Exercise prompt –
Transcribe the line that contains "Joaquina, la nueva" and every line after it to the end of the records, exactly and nothing else. Skip the pictures.

Exercise data –
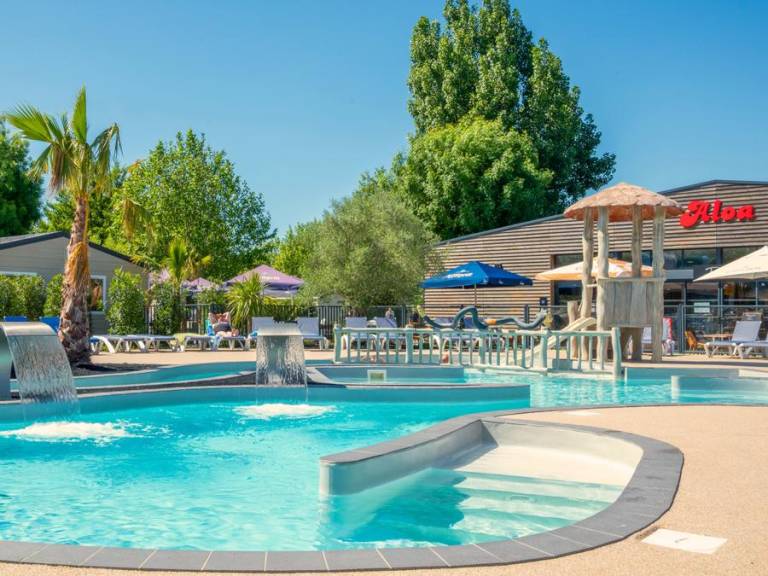 Mobile home with heated pool — photo 3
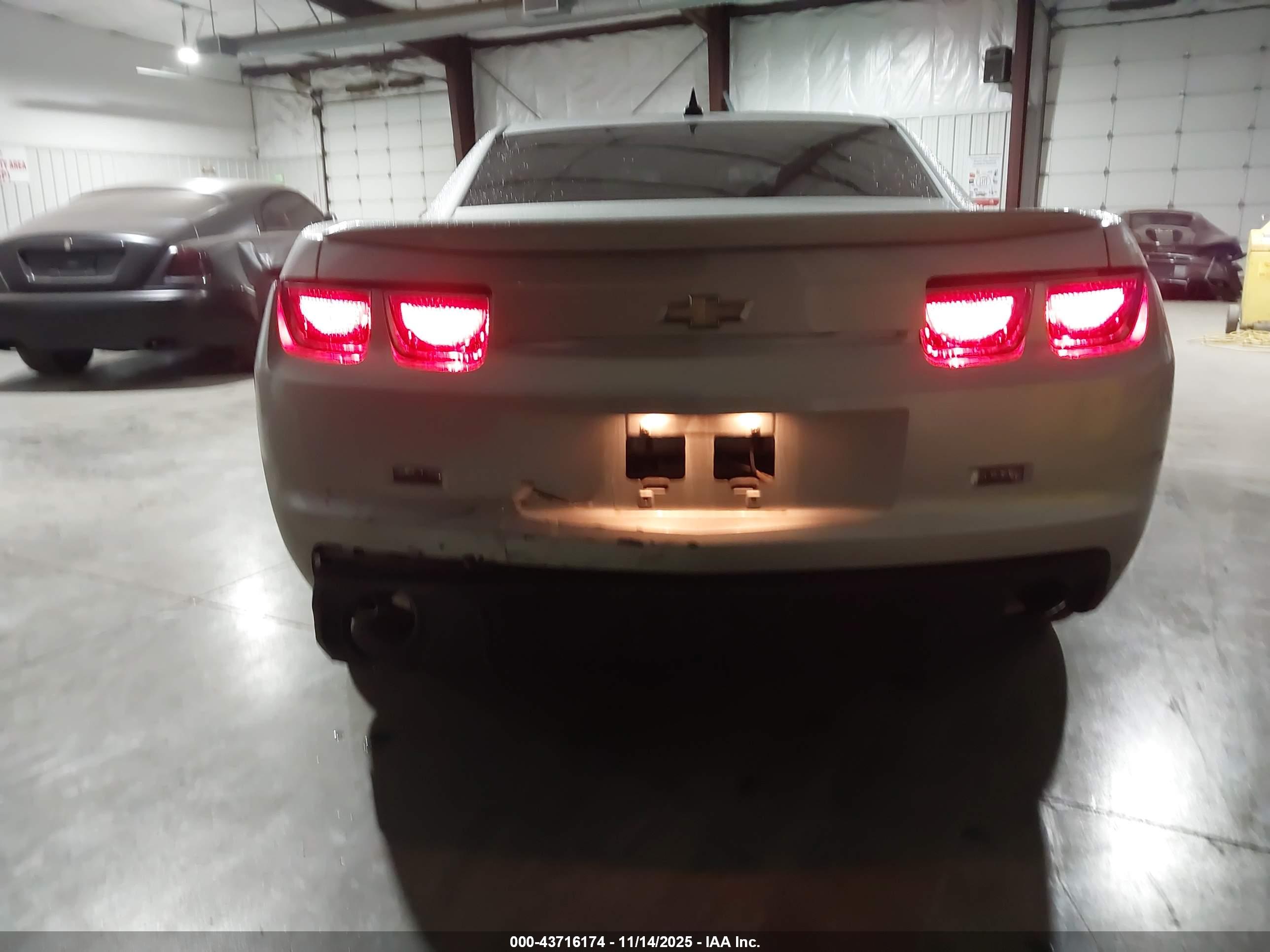 CHEVROLET CAMARO image 6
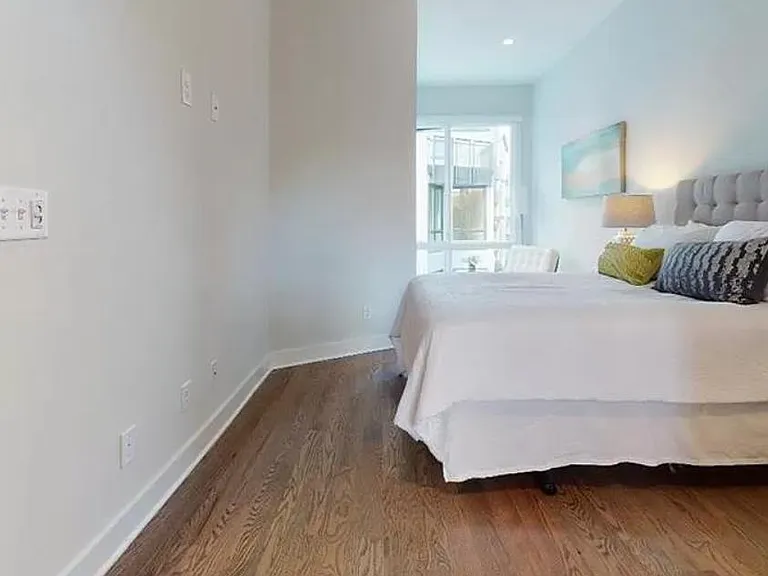 1060 Kenilworth Ave — Photo 10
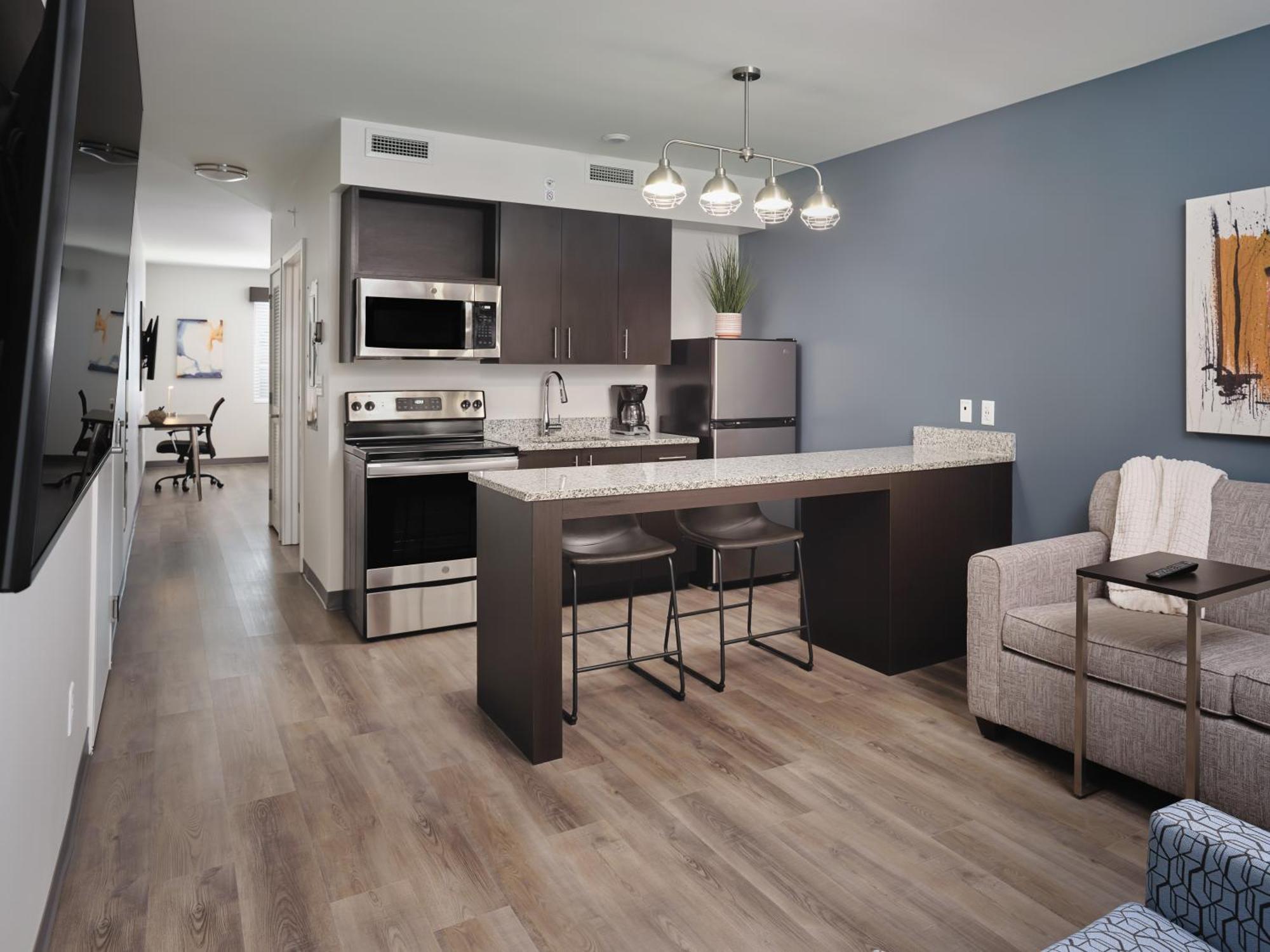 Stayapt Suites Atlanta-Newnan Eksteriør bilde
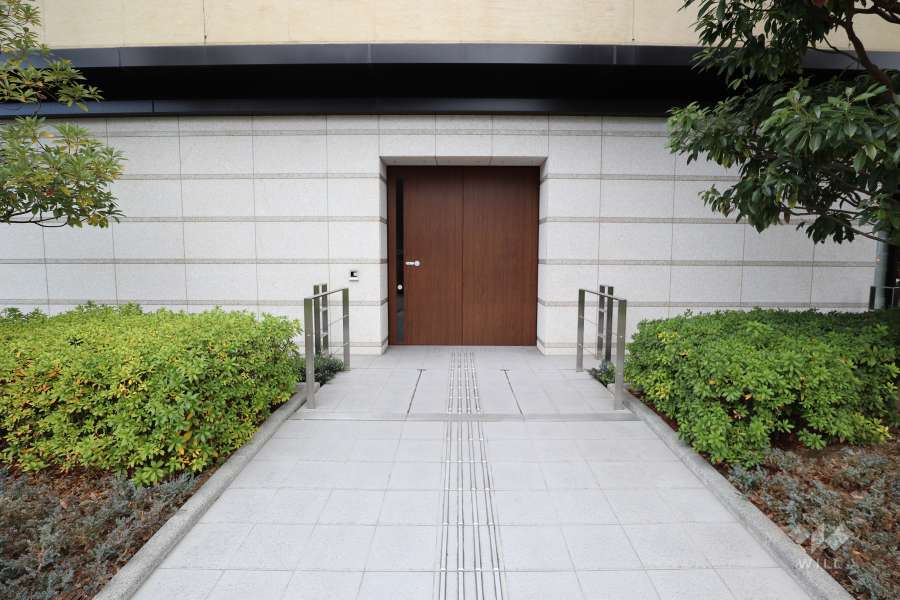 南側エントランス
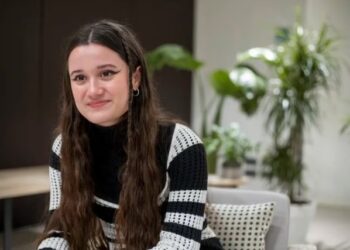 Joaquina, la nueva generación del pop latino: “Shakira y Taylor Swift han abierto muchas puertas hablando de sus vivencias personales”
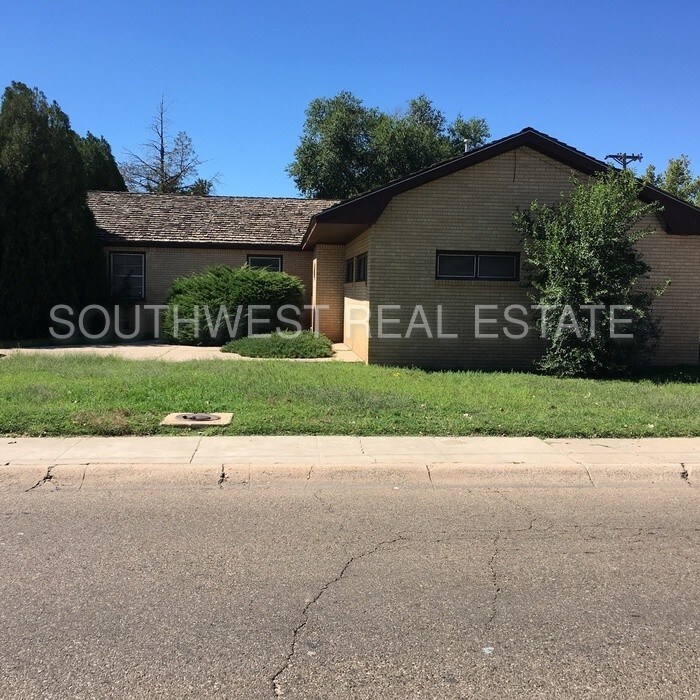 100 Highland Dr, Clovis, NM 88101 House Rental in Clovis, NM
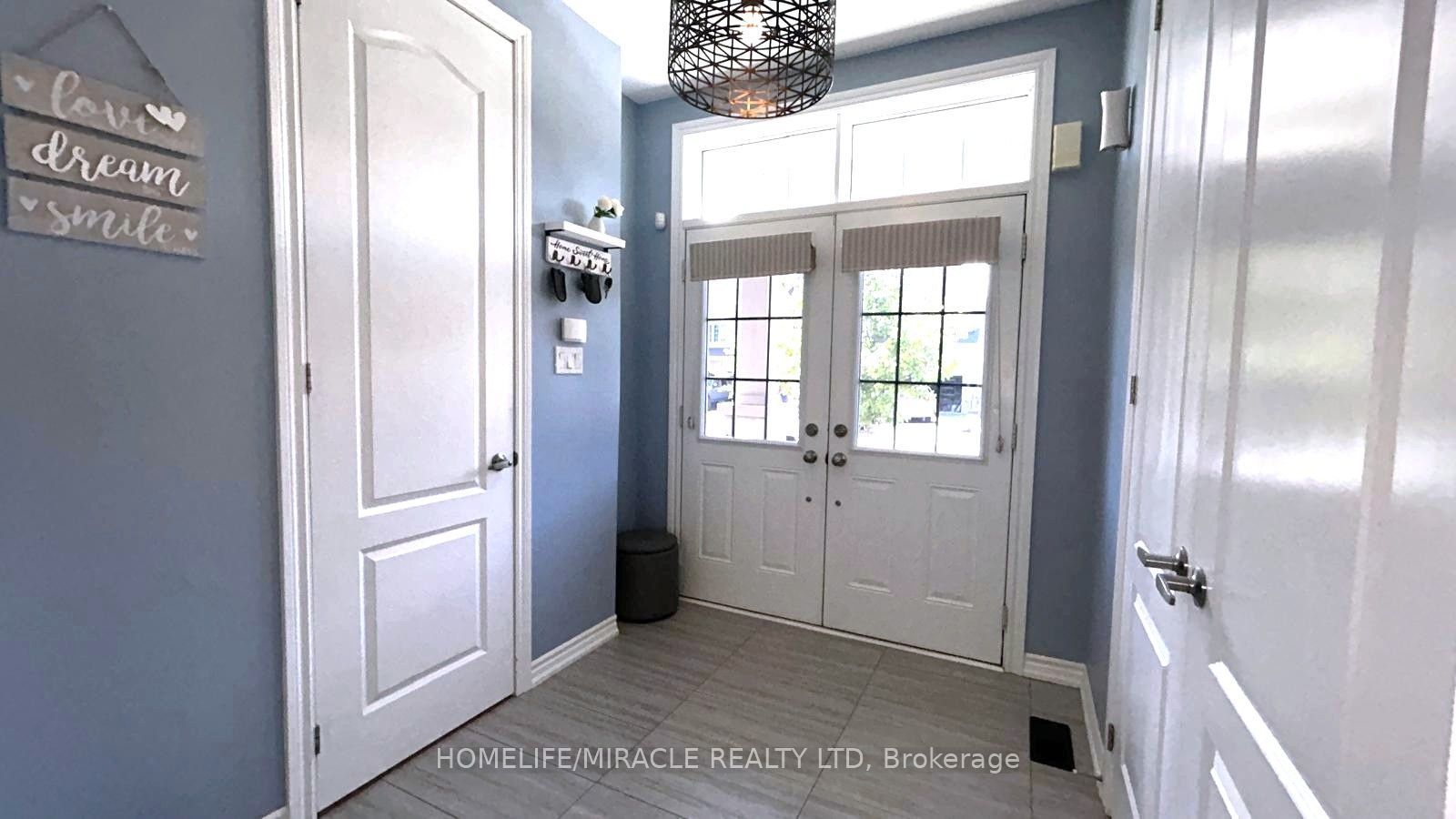 185 Thornbush Boulevard, Brampton, ON L7A 4R5 photo 3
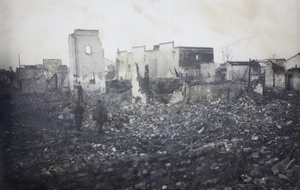 Extensive ruins after the fire, Hankow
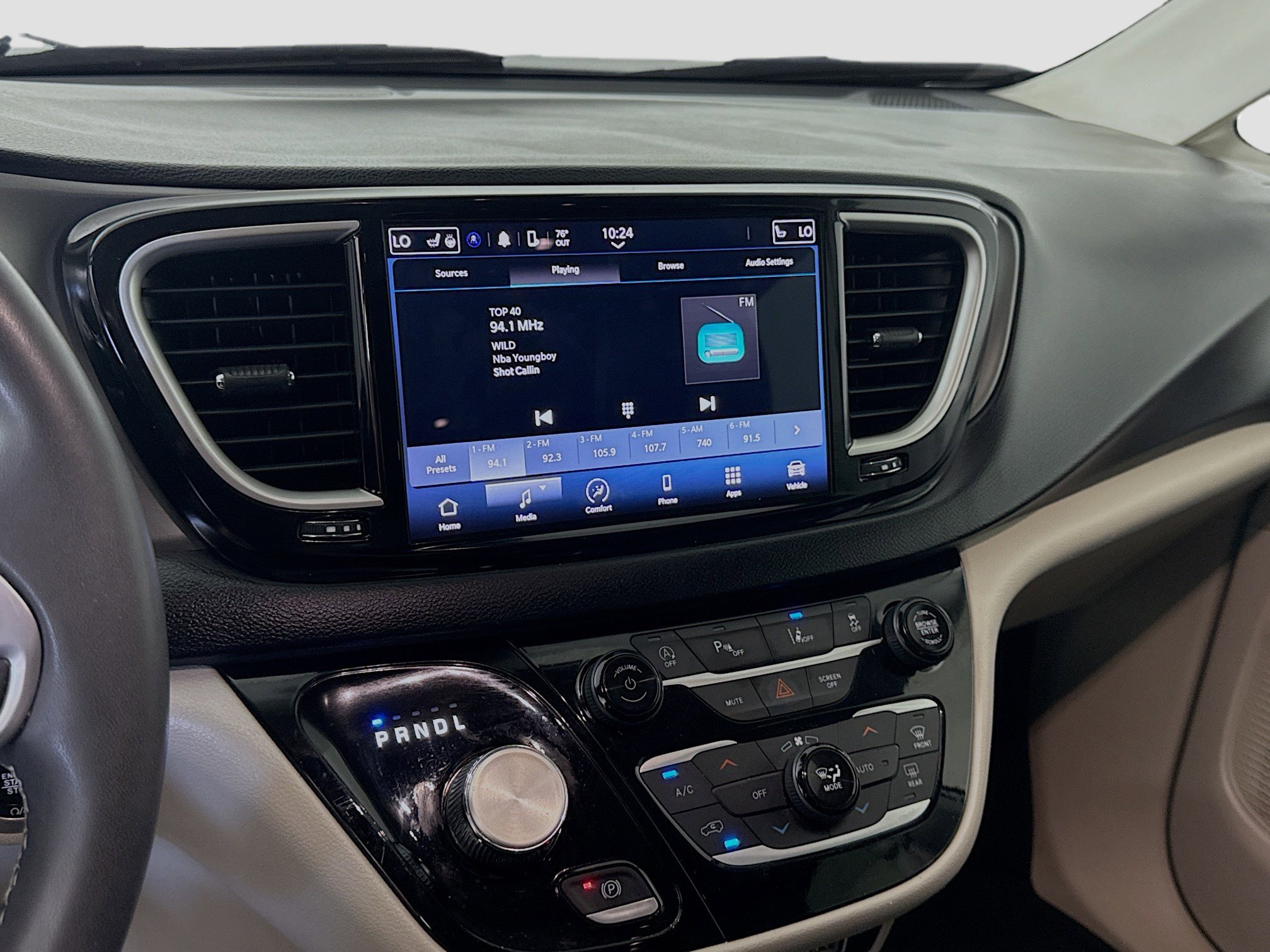 Used 2023 Chrysler Pacifica Touring-L image 18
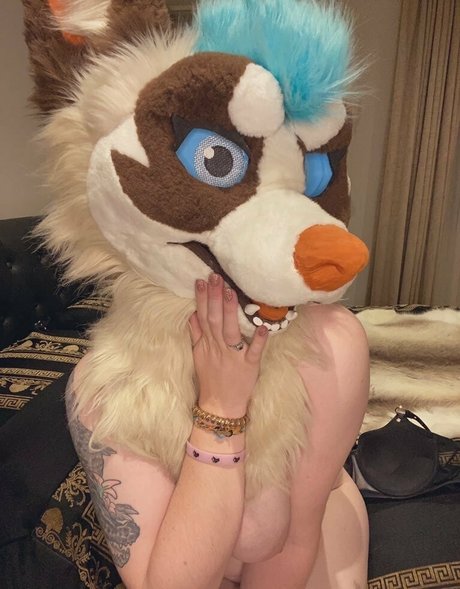 thylasaur model sex photo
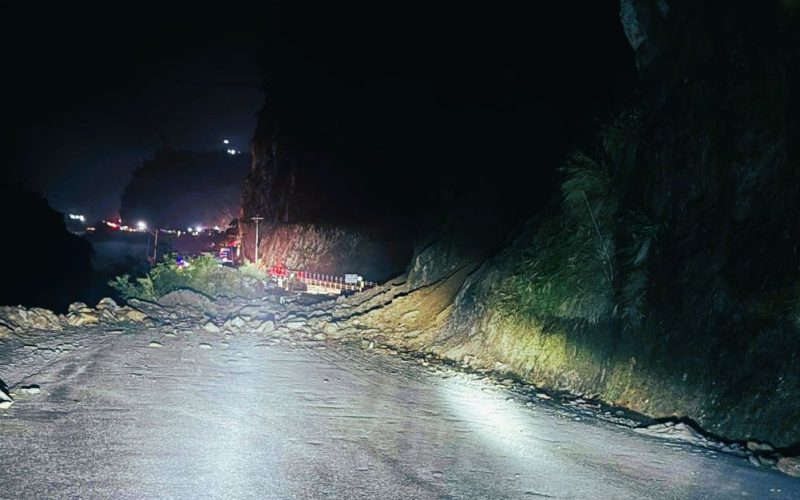 मुग्लिन–नारायणगढ सडक खण्डमा ठूलो पहिरो, दुईतर्फी आवतजावत अवरुद्ध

Answer to this problem –
 Joaquina, la nueva generación del pop latino: “Shakira y Taylor Swift han abierto muchas puertas hablando de sus vivencias personales”
 100 Highland Dr, Clovis, NM 88101 House Rental in Clovis, NM
 185 Thornbush Boulevard, Brampton, ON L7A 4R5 photo 3
 Extensive ruins after the fire, Hankow
 Used 2023 Chrysler Pacifica Touring-L image 18
 thylasaur model sex photo
 मुग्लिन–नारायणगढ सडक खण्डमा ठूलो पहिरो, दुईतर्फी आवतजावत अवरुद्ध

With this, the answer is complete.